*** Given data
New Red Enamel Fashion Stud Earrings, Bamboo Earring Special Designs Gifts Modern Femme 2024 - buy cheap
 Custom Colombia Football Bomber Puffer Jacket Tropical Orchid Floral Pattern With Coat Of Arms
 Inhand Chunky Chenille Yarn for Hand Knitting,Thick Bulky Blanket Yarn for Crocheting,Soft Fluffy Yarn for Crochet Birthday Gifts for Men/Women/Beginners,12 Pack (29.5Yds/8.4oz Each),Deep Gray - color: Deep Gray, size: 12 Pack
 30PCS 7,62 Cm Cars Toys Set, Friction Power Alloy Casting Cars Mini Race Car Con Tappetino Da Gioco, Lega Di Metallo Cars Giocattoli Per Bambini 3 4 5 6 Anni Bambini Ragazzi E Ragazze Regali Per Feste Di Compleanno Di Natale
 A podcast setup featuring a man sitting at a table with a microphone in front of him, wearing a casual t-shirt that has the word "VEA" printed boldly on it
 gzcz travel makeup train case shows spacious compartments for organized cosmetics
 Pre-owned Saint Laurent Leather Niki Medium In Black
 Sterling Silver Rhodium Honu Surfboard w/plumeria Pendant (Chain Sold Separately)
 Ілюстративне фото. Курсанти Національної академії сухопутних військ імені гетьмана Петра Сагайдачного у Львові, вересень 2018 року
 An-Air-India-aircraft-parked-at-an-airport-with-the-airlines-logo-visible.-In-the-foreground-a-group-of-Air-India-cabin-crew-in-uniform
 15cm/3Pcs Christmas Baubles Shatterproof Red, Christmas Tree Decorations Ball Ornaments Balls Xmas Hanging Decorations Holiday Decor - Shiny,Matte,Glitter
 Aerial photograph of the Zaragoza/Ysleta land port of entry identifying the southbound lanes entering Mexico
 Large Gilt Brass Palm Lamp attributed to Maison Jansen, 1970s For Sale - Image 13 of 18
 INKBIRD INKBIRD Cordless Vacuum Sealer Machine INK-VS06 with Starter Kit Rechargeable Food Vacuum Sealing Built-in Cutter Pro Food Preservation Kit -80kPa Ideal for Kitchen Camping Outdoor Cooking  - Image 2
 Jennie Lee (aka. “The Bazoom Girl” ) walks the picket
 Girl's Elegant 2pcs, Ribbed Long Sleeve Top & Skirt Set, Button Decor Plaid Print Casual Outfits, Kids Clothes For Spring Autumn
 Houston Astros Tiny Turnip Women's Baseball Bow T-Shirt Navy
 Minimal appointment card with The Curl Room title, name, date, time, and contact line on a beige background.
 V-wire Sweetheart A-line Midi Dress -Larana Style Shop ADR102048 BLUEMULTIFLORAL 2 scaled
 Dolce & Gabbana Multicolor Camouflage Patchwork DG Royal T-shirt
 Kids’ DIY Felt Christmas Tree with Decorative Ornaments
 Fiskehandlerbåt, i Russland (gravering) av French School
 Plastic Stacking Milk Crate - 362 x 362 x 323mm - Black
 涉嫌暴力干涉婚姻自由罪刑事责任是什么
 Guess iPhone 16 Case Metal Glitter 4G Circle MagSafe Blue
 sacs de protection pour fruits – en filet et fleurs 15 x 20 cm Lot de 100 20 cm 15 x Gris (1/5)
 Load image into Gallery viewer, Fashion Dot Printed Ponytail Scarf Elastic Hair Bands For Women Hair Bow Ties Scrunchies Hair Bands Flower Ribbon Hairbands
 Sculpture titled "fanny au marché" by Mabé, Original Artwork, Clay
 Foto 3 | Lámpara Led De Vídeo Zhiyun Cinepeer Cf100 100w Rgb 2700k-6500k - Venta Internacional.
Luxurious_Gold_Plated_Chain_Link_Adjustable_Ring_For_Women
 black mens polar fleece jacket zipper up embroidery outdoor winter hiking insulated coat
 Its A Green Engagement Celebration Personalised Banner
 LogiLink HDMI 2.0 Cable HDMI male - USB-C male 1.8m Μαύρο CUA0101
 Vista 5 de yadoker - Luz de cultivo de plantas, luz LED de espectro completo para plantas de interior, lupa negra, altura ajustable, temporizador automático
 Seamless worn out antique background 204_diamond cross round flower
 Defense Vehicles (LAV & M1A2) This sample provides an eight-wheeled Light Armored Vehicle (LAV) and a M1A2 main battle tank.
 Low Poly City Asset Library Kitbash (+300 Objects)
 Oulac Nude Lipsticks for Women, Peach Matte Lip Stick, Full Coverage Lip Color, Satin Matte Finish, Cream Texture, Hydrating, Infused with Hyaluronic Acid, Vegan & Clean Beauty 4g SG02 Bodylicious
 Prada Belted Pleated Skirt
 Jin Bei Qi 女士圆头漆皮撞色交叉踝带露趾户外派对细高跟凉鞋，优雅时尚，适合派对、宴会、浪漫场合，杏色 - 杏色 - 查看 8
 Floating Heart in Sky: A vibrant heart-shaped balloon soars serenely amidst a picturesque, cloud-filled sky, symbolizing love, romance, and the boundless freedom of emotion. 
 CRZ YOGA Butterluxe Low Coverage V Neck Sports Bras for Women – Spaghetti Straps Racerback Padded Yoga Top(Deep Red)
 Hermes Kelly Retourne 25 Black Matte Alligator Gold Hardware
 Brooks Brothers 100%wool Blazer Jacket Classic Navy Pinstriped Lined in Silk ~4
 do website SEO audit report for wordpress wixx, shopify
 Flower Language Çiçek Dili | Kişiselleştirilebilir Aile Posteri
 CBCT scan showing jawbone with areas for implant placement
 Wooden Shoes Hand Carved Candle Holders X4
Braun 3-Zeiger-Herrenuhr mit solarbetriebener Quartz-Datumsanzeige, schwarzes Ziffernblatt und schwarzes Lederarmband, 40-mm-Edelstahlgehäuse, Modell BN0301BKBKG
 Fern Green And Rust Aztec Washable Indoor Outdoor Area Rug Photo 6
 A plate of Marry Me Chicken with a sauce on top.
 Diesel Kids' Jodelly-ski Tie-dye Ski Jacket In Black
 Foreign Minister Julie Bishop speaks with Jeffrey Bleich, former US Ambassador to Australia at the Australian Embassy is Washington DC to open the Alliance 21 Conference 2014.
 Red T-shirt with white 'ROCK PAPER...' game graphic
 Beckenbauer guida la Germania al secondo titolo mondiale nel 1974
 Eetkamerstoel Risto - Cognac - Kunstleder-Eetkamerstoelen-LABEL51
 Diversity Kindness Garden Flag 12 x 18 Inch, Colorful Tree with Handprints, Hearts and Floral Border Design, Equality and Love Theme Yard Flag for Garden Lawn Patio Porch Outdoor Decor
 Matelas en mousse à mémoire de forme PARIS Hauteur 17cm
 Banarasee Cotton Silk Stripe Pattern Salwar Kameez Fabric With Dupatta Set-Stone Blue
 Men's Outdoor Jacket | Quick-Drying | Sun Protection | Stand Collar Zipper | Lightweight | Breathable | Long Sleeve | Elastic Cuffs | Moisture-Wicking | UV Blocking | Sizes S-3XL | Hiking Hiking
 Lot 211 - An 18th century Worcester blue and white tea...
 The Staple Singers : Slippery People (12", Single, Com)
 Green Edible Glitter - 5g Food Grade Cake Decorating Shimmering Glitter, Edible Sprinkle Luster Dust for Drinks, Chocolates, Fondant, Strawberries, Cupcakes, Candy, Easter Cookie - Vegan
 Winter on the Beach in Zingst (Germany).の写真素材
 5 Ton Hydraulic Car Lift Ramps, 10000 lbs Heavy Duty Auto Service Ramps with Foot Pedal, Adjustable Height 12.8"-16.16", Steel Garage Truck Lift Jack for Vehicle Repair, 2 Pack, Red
******
When you reach the line containing "Fiskehandlerbåt, i Russland" in the data above, start copying exactly, and stop after the line containing "Defense Vehicles (LAV".

 Fiskehandlerbåt, i Russland (gravering) av French School
 Plastic Stacking Milk Crate - 362 x 362 x 323mm - Black
 涉嫌暴力干涉婚姻自由罪刑事责任是什么
 Guess iPhone 16 Case Metal Glitter 4G Circle MagSafe Blue
 sacs de protection pour fruits – en filet et fleurs 15 x 20 cm Lot de 100 20 cm 15 x Gris (1/5)
 Load image into Gallery viewer, Fashion Dot Printed Ponytail Scarf Elastic Hair Bands For Women Hair Bow Ties Scrunchies Hair Bands Flower Ribbon Hairbands
 Sculpture titled "fanny au marché" by Mabé, Original Artwork, Clay
 Foto 3 | Lámpara Led De Vídeo Zhiyun Cinepeer Cf100 100w Rgb 2700k-6500k - Venta Internacional.
Luxurious_Gold_Plated_Chain_Link_Adjustable_Ring_For_Women
 black mens polar fleece jacket zipper up embroidery outdoor winter hiking insulated coat
 Its A Green Engagement Celebration Personalised Banner
 LogiLink HDMI 2.0 Cable HDMI male - USB-C male 1.8m Μαύρο CUA0101
 Vista 5 de yadoker - Luz de cultivo de plantas, luz LED de espectro completo para plantas de interior, lupa negra, altura ajustable, temporizador automático
 Seamless worn out antique background 204_diamond cross round flower
 Defense Vehicles (LAV & M1A2) This sample provides an eight-wheeled Light Armored Vehicle (LAV) and a M1A2 main battle tank.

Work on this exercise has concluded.